* REQUIRED WORK:
With pictures excluded, retype exactly every line from the one containing "Женская парусиновая сумка" to the end of the records below.

[ENTRIES SHOWN]

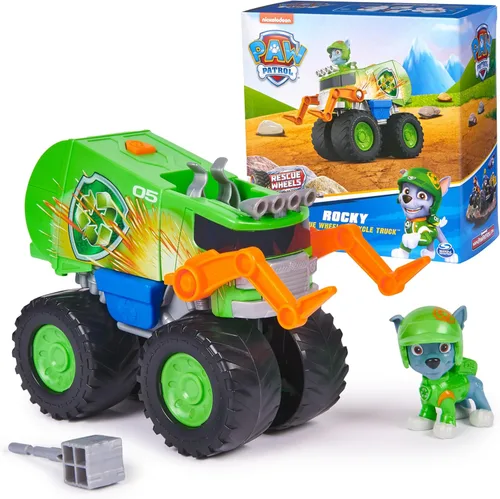 PAW Patrol: Camión de reciclaje de Rescue Wheels de Rocky, camión de juguete con lanzador de proyectiles y figura de acción coleccionable, juguetes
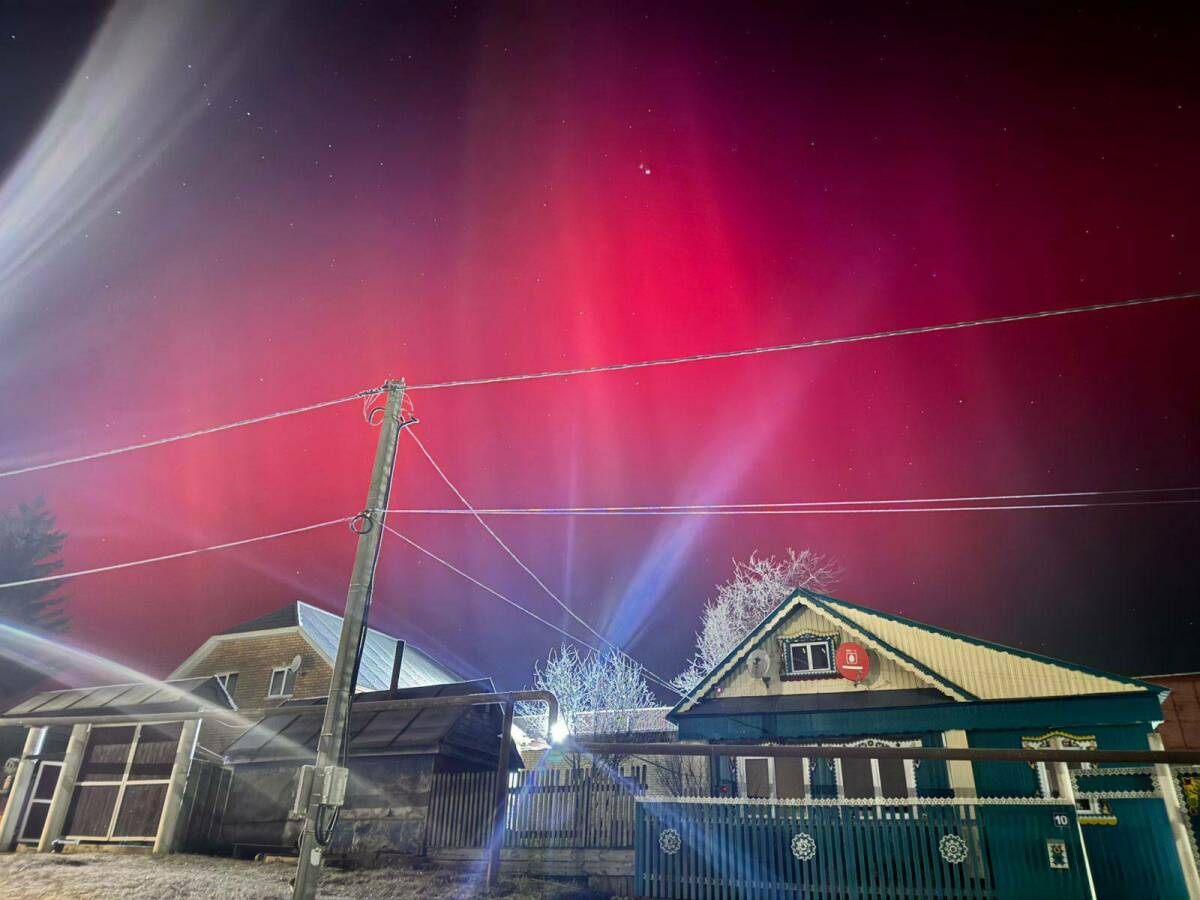 В Высокогорском районе Татарстана засняли редкое северное сияние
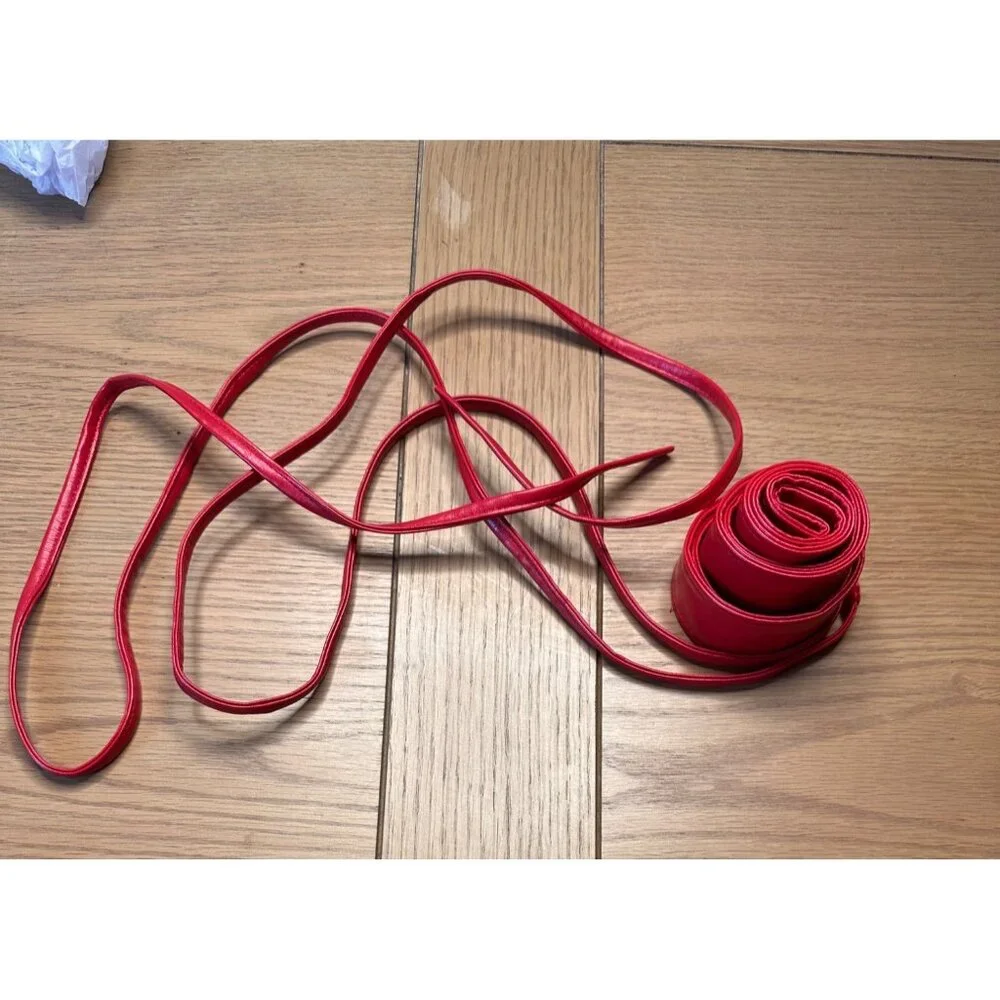 LOT of 2 Red and Brown Faux Leather Wrap Belts Long Ties Adjustable Fit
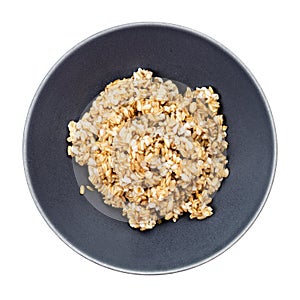 Top view of cooked porridge from whole-grain oat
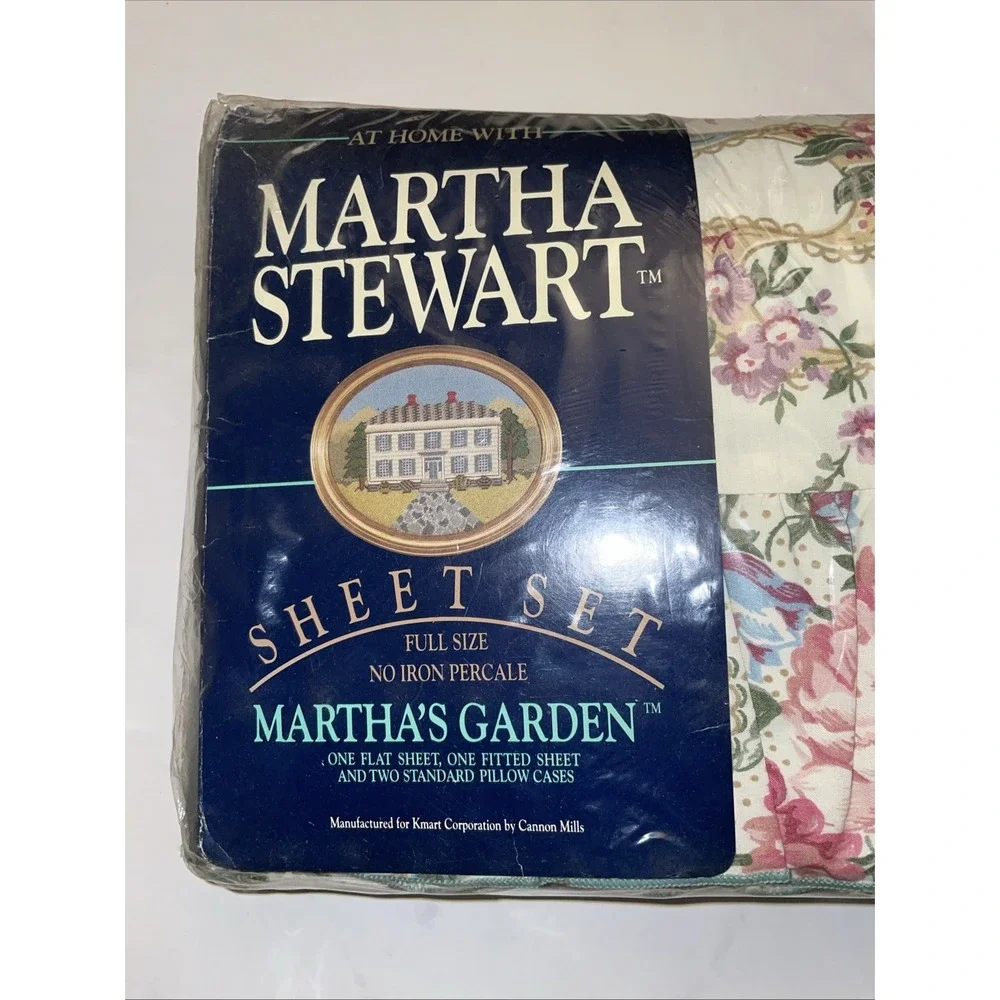 NEW VINTAGE Marthas Garden Full SHEET SET MARTHA STEWART Ruffled Victorian Roses
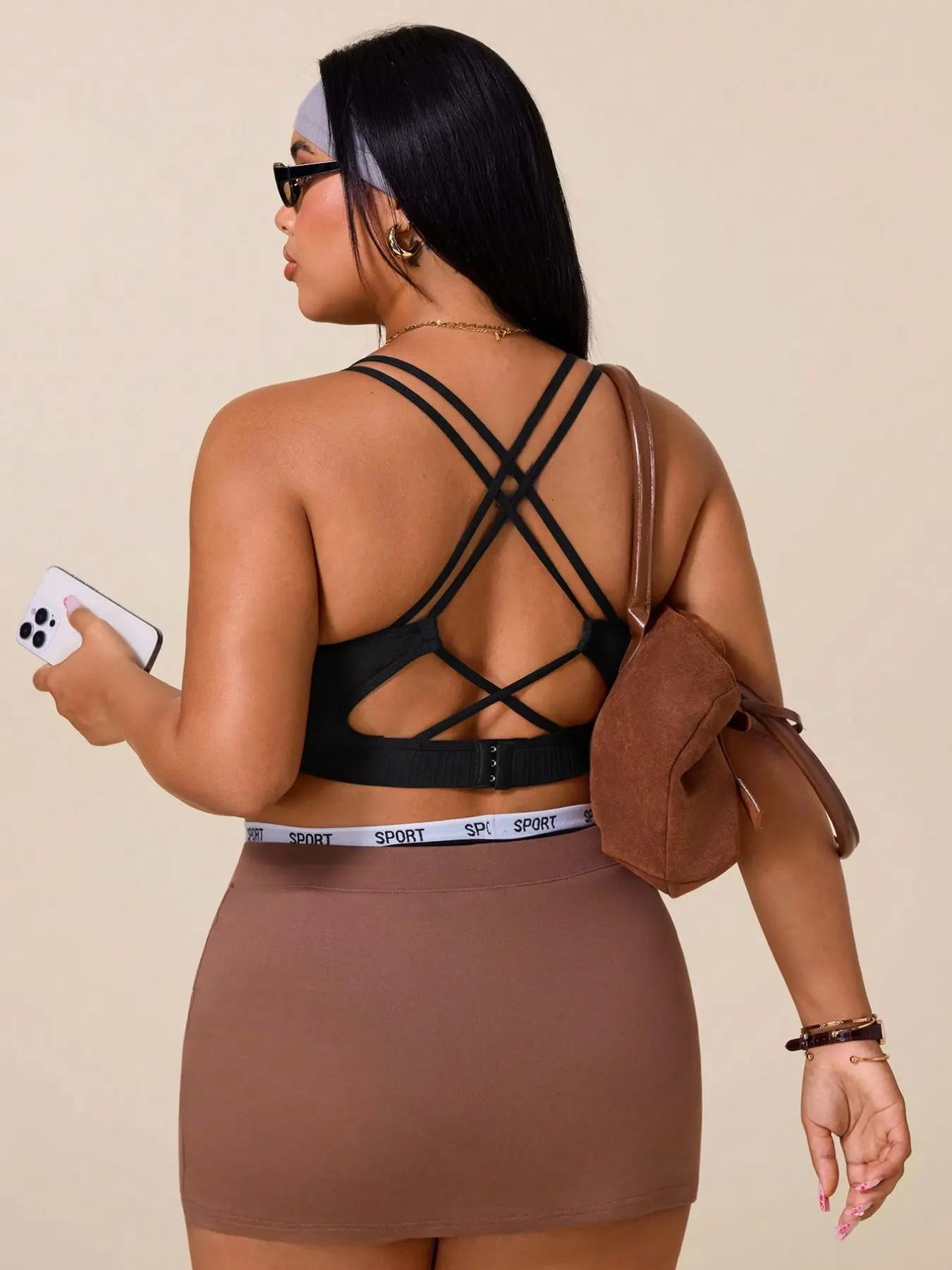 Curve Plus Size Cross Back Sports Bra Ribbed Seamless Yoga Top Medium Support Workout Gym Crop Tank for Curvy Women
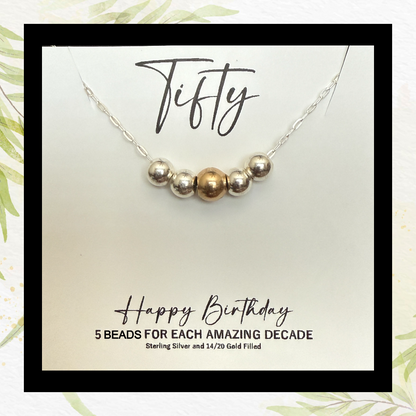 50th Birthday Necklace: Sterling Silver & Gold Filled Beads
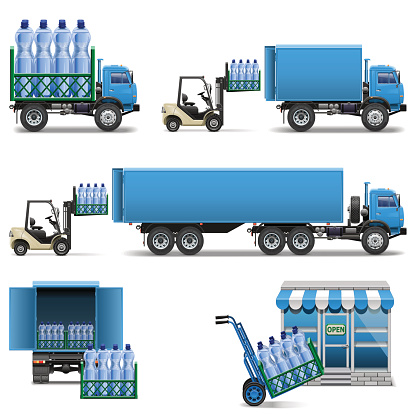 Vector icons of mineral water delivery, isolated on white background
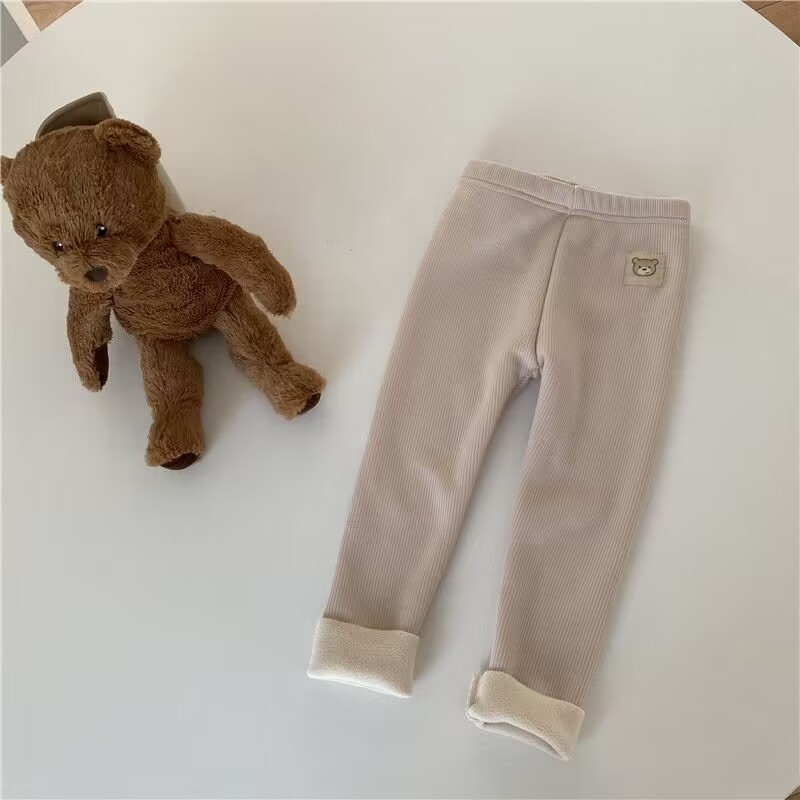 Picture of Autumn and Winter new Korean style Girls' one-piece velvet all-match leggings boys and girls baby plus velvet outer wear skinny pants trousers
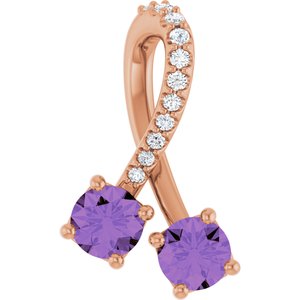 Ladies Natural Amethyst Natural Diamond Pendant (I1, G-H) — 14K Rose Gold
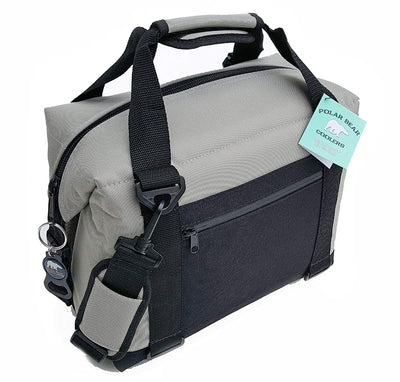 Polar Bear Coolers 12 Pack Light Nylon Soft Cooler with Strap, Silver (Open Box)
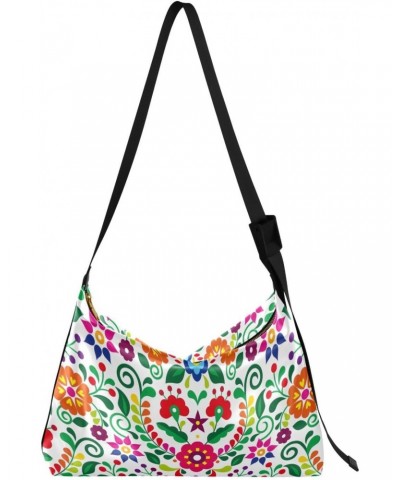 Mexican Folk Colorful Flower Crossbody Bags for Women PU Leather Large Shoulder Bag Hobo Purse $16.82 Hobo Bags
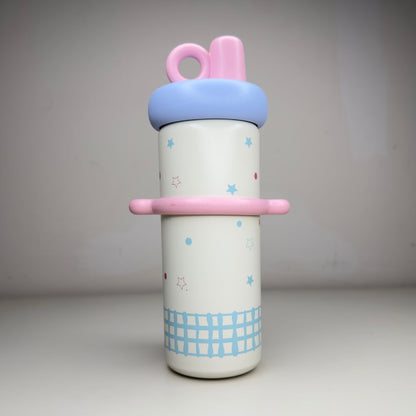 Stainless Steel Insulated Water Bottle with Straw & Silicone Grip Handle for Kids & Teens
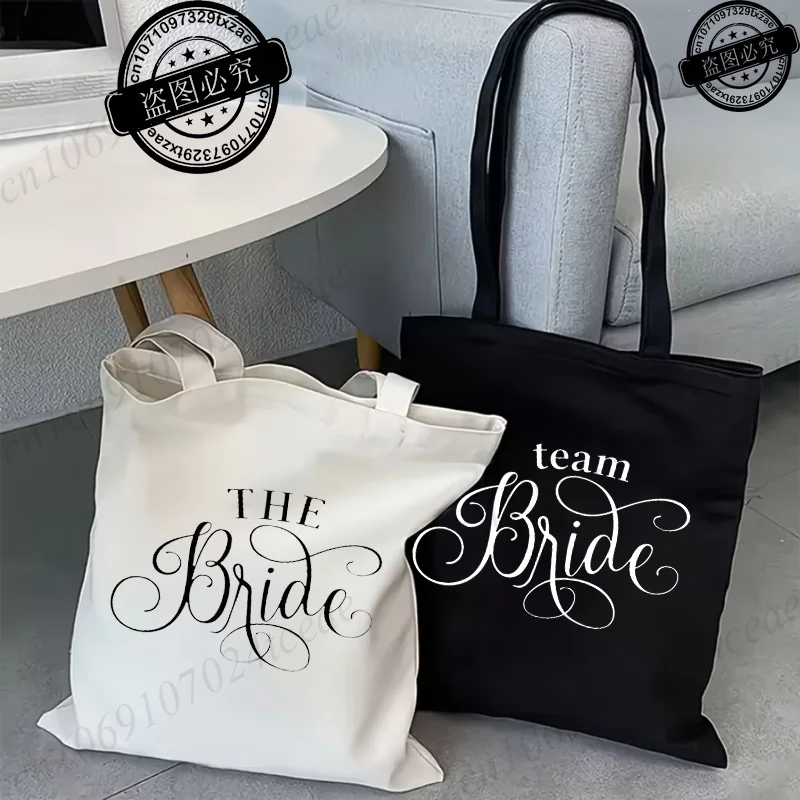 

Женская парусиновая сумка на плечо для девичника с принтом, женская повседневная сумка-тоут, большая вместительная многоразовая дорожная сумка для покупок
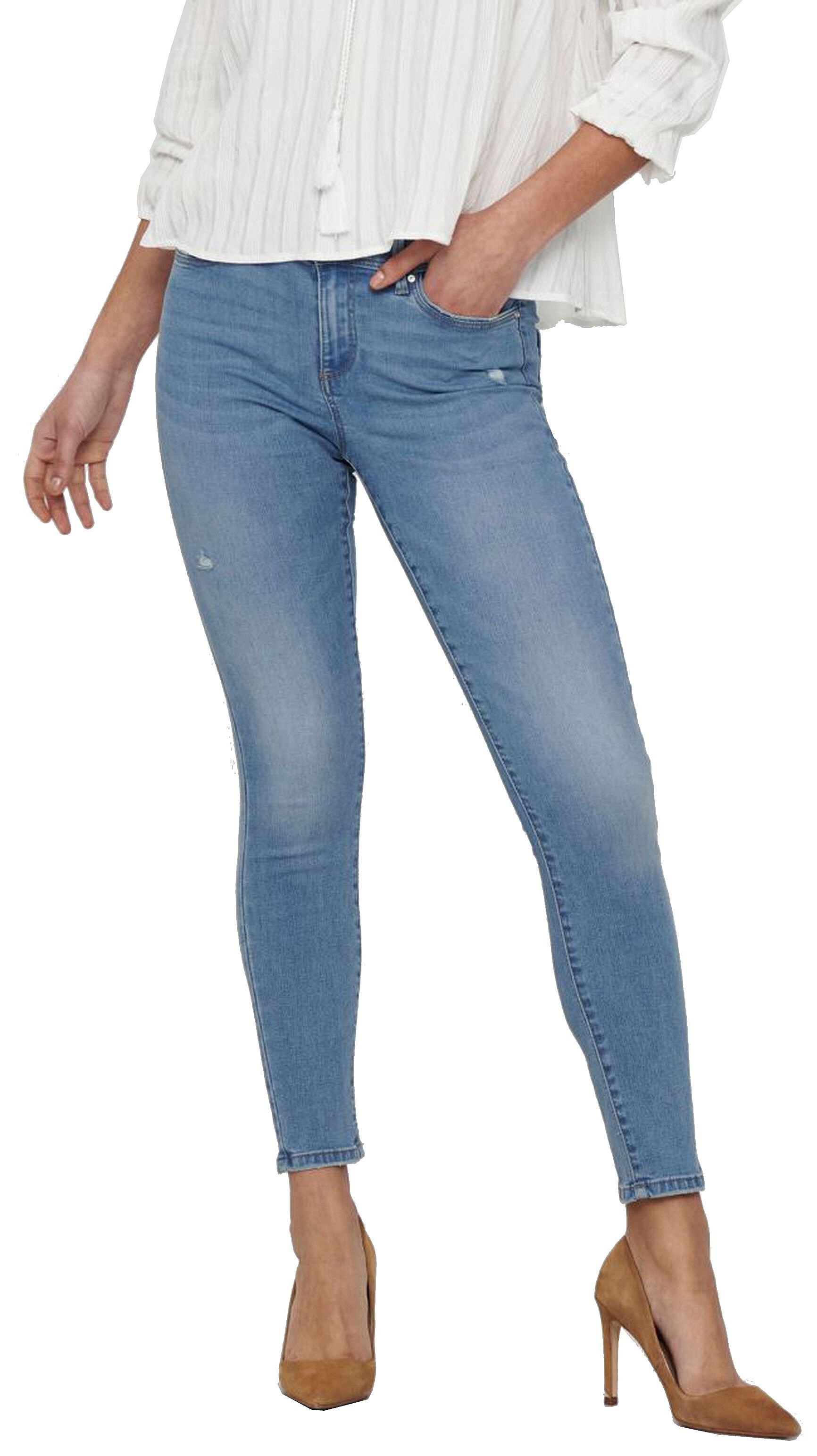 dżinsy ONLY Wauw Life Mid SK Dest BJ759 - Light Medium Blue Denim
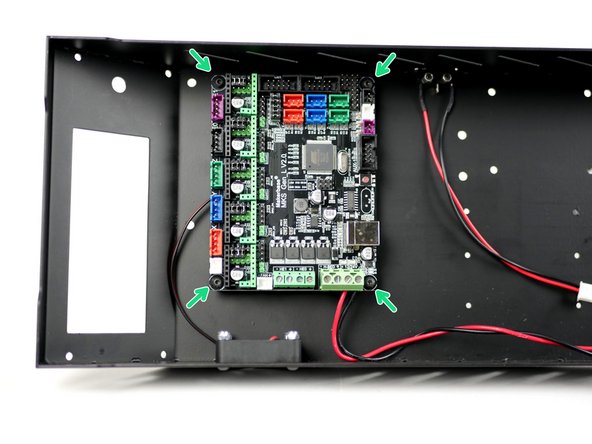 Fix the control board onto the mounts. Make sure to match the orientation shown in the image.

[/ENTRIES SHOWN]

* ANSWER TO THE EXERCISE:
Женская парусиновая сумка на плечо для девичника с принтом, женская повседневная сумка-тоут, большая вместительная многоразовая дорожная сумка для покупок
 dżinsy ONLY Wauw Life Mid SK Dest BJ759 - Light Medium Blue Denim
 Fix the control board onto the mounts. Make sure to match the orientation shown in the image.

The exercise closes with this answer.